▶ [Exercise goal] Apart from the pictures, every entry below must be given again exactly.
==============================
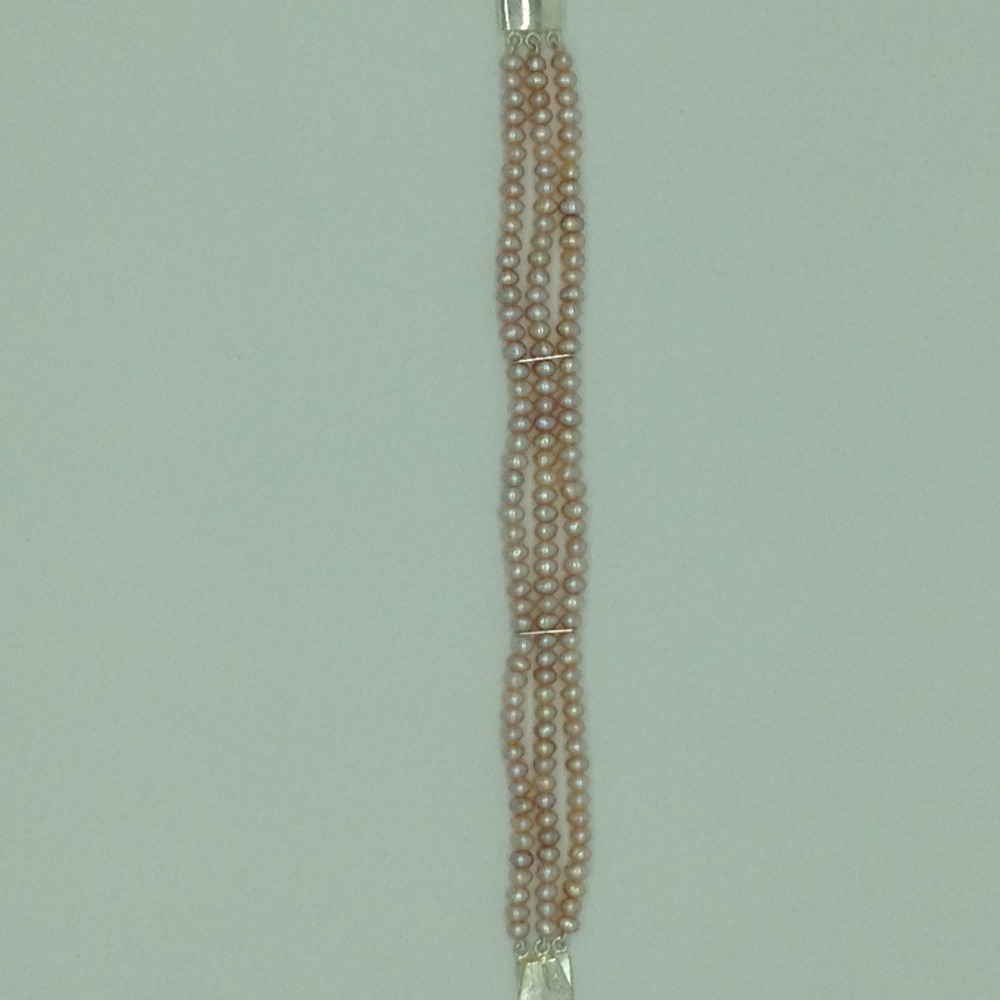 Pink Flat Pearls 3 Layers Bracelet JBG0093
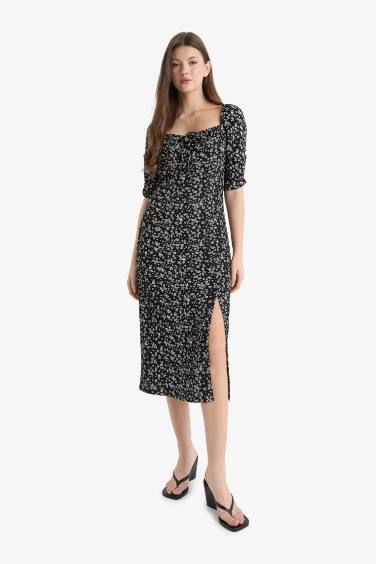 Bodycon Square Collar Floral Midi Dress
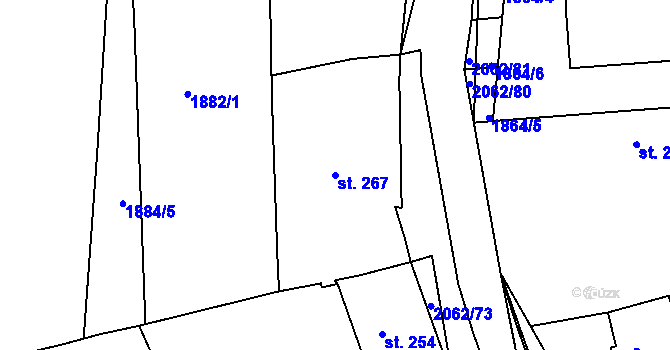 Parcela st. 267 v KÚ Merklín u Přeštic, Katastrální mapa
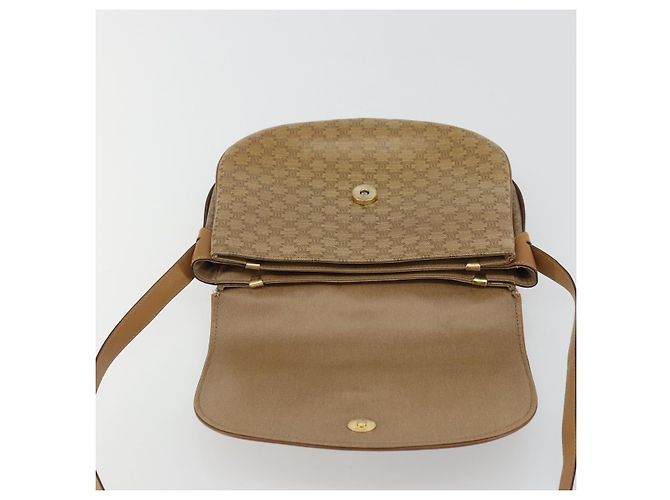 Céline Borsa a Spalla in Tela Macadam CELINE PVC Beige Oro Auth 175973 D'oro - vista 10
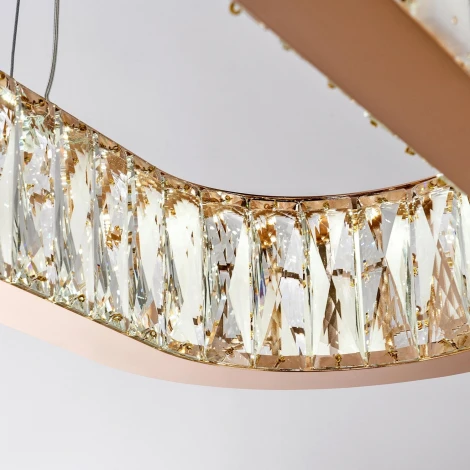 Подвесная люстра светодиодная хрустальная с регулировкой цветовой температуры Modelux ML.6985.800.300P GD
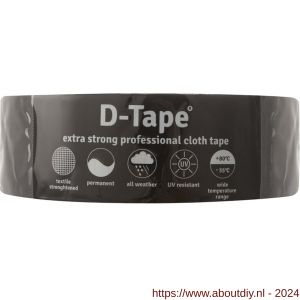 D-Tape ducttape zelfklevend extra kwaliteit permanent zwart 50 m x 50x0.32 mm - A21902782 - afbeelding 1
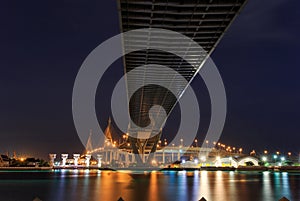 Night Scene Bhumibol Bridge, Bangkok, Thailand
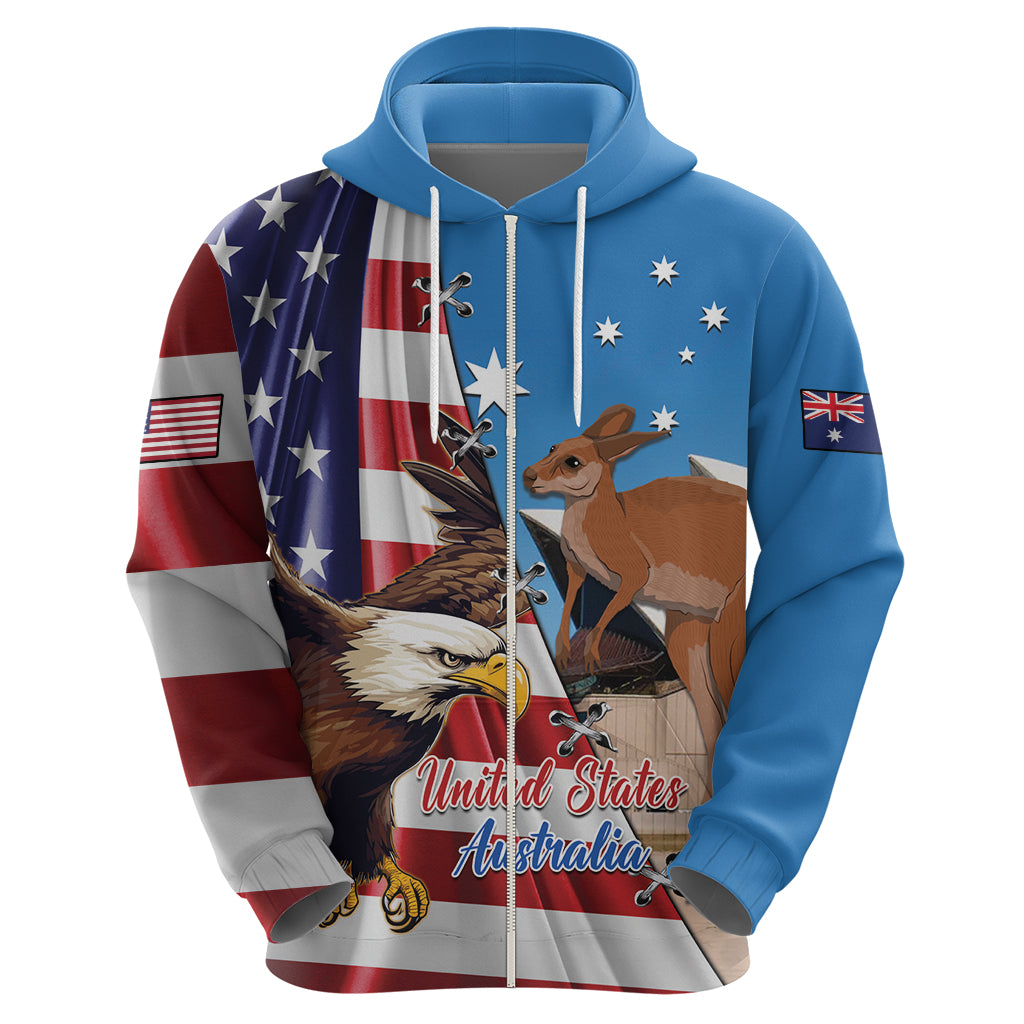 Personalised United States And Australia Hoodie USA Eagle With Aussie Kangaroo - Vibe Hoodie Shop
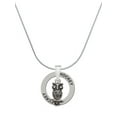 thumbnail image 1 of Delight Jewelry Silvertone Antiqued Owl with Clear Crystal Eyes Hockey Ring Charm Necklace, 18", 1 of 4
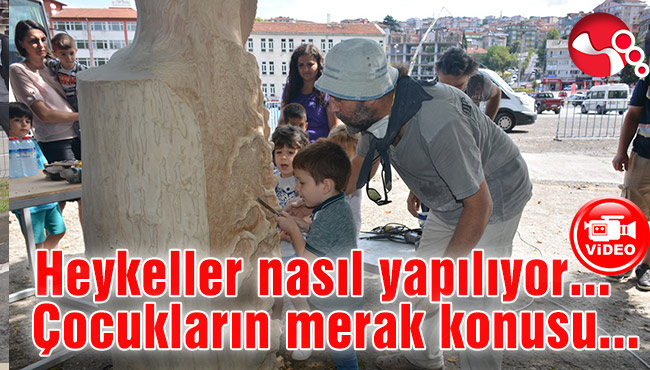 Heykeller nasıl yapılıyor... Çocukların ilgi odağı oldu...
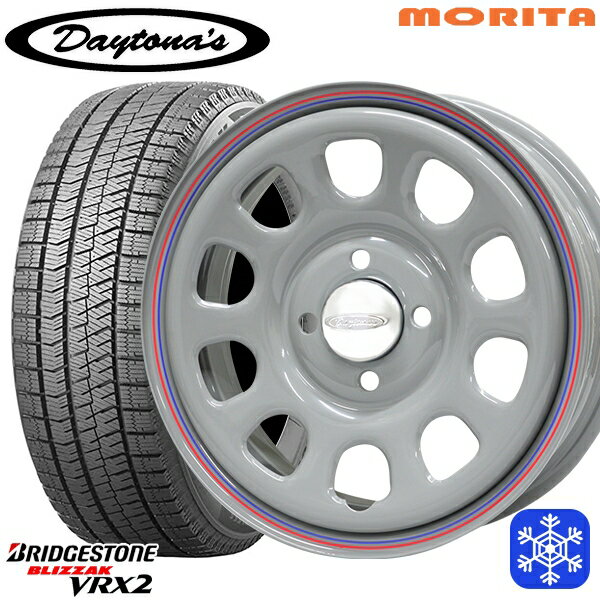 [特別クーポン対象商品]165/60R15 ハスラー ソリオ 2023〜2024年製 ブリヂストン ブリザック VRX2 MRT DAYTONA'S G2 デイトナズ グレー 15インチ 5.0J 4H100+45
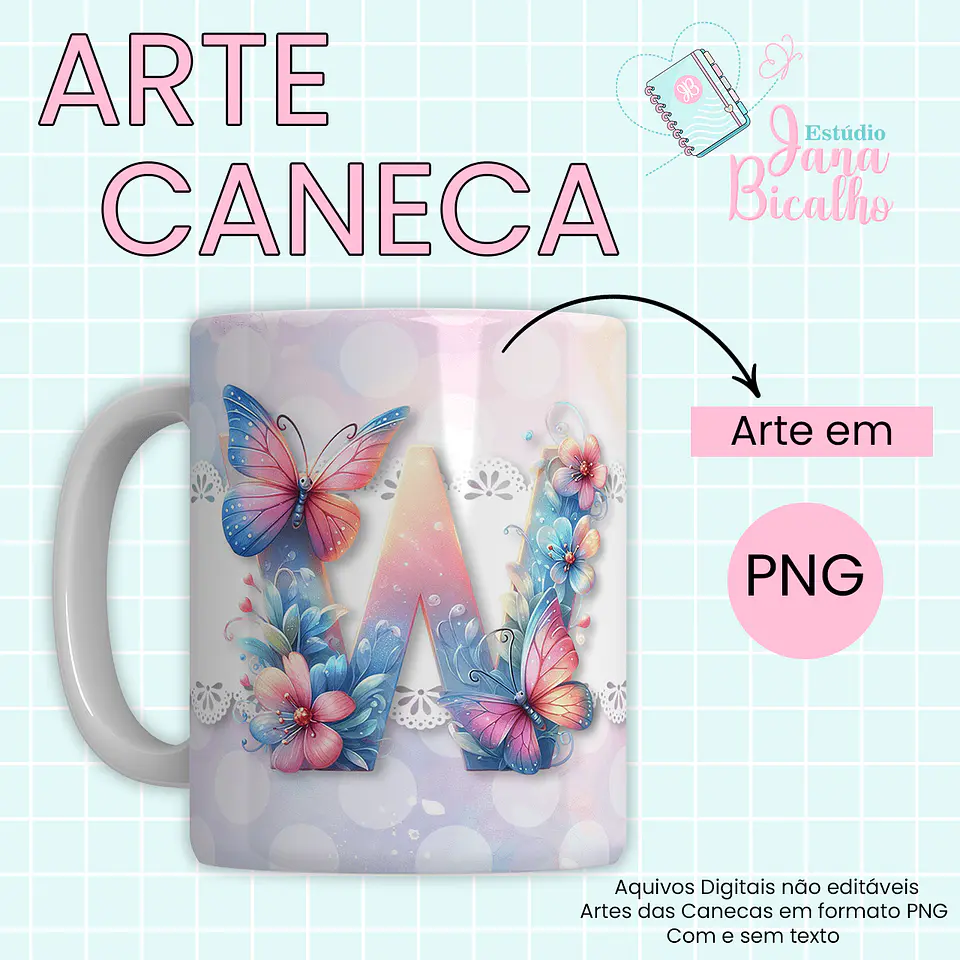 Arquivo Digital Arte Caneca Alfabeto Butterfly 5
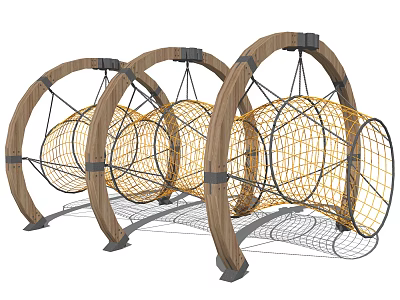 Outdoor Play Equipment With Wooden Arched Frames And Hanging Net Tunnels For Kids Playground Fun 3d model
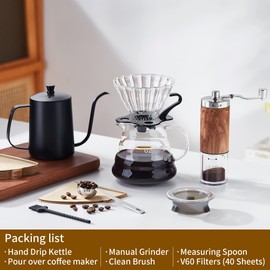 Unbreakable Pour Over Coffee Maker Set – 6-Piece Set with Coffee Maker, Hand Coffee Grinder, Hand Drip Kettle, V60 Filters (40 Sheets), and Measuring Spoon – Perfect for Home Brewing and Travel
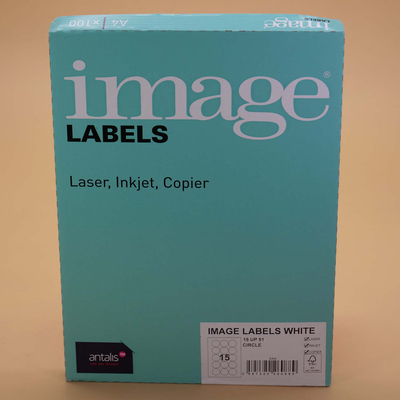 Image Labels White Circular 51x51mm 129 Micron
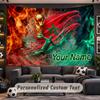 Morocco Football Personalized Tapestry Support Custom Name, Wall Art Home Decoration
==============================
▶ [Solution to this task]
 Pink Flat Pearls 3 Layers Bracelet JBG0093
 Bodycon Square Collar Floral Midi Dress
 Parcela st. 267 v KÚ Merklín u Přeštic, Katastrální mapa
 Céline Borsa a Spalla in Tela Macadam CELINE PVC Beige Oro Auth 175973 D'oro - vista 10
 Подвесная люстра светодиодная хрустальная с регулировкой цветовой температуры Modelux ML.6985.800.300P GD
 D-Tape ducttape zelfklevend extra kwaliteit permanent zwart 50 m x 50x0.32 mm - A21902782 - afbeelding 1
 Night Scene Bhumibol Bridge, Bangkok, Thailand
 Personalised United States And Australia Hoodie USA Eagle With Aussie Kangaroo - Vibe Hoodie Shop
 thumbnail image 1 of Delight Jewelry Silvertone Antiqued Owl with Clear Crystal Eyes Hockey Ring Charm Necklace, 18", 1 of 4
 Heykeller nasıl yapılıyor... Çocukların ilgi odağı oldu...
 [特別クーポン対象商品]165/60R15 ハスラー ソリオ 2023〜2024年製 ブリヂストン ブリザック VRX2 MRT DAYTONA'S G2 デイトナズ グレー 15インチ 5.0J 4H100+45
 Arquivo Digital Arte Caneca Alfabeto Butterfly 5
 Outdoor Play Equipment With Wooden Arched Frames And Hanging Net Tunnels For Kids Playground Fun 3d model
 Unbreakable Pour Over Coffee Maker Set – 6-Piece Set with Coffee Maker, Hand Coffee Grinder, Hand Drip Kettle, V60 Filters (40 Sheets), and Measuring Spoon – Perfect for Home Brewing and Travel
 Image Labels White Circular 51x51mm 129 Micron
 Morocco Football Personalized Tapestry Support Custom Name, Wall Art Home Decoration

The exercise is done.